Nella chiave che le è consueta, tra cinema e teatro, la regista argentina, insignita quest’anno del Leone d’oro alla carriera, si accosta con sensibilità maieutica all’universo dei migranti raccogliendone le testimonianze autentiche e traducendole in linguaggio artistico. Con grande perizia tecnica Christiane Jatahy crea un’osmosi tra cinema e teatro, affiancando le riprese filmiche all’hic et nunc della rappresentazione attraverso il corpo degli attori che, visti sullo schermo, si fanno carne in mezzo agli spettatori e li rendono parte attiva della performance anche attraverso uno scatenato ballo di gruppo, vitalistico e liberatorio. La dinamica che si crea è quella propria della tragedia greca dove il Coro, che rappresenta la polis, è partecipe delle vicende degli eroi e interagisce con loro con uno scambio emotivo e concettuale profondo.

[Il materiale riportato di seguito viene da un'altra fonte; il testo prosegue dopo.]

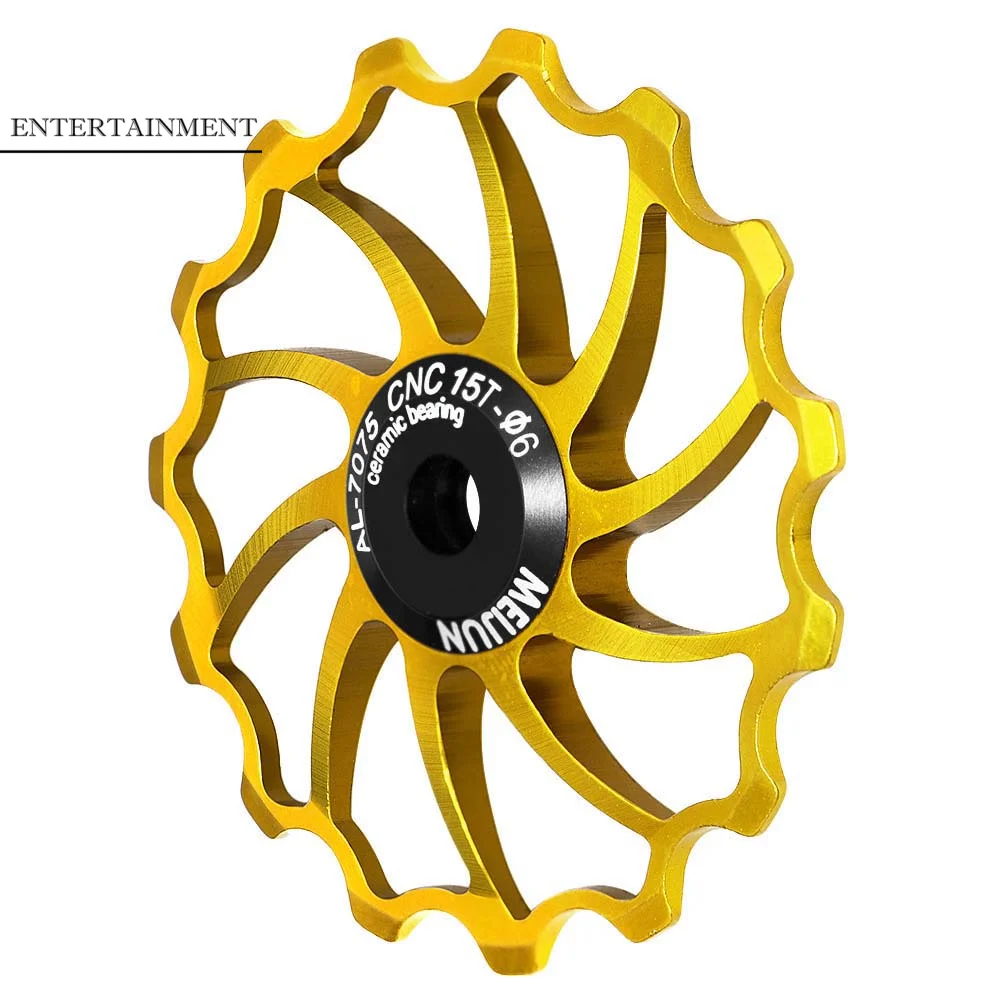 Image of Rennrad Metallgetriebe Fahrradteile Aluminiumlegierung 14T 15T 16T Schaltwerksrolle Schaltwerkführung Hinterrad-Schaltwerkrolle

The Lingering Now © Christophe Raynaud de Lage

In “The Lingering Now” gli attori non fingono, non danno vita a personaggi fittizi: sono loro stessi i veri protagonisti delle storie che raccontano, storie di separazioni, lontananze, persecuzioni. Le riprese fatte nei campi profughi in Palestina, Libia, Grecia, Sudafrica e in Amazzonia denunciano violenze prodotte da razzismo, maschilismo, fascismo, i cui esiti sono distruzione e inenarrabili sofferenze, fughe di esseri umani lontani dalle proprie terre e migrazioni in paesi stranieri. E poi la mancanza lancinante delle proprie radici e il desiderio di tornare alla propria terra, costi quel che costi. Tutto questo rappresentato senza retorica, con accenti di verità che ti arrivano al cuore. Non è cronaca, ma poesia, quella stessa che sta alla base dell’Odissea omerica, il testo di riferimento della regista, che propone brani delle peregrinazioni dell’eroe greco Odisseo in una sorta di tessitura tra passato e presente, tra il mito nato nella notte dei tempi, ma specchio sempre dell’uomo nel suo vivere, e l’oggi.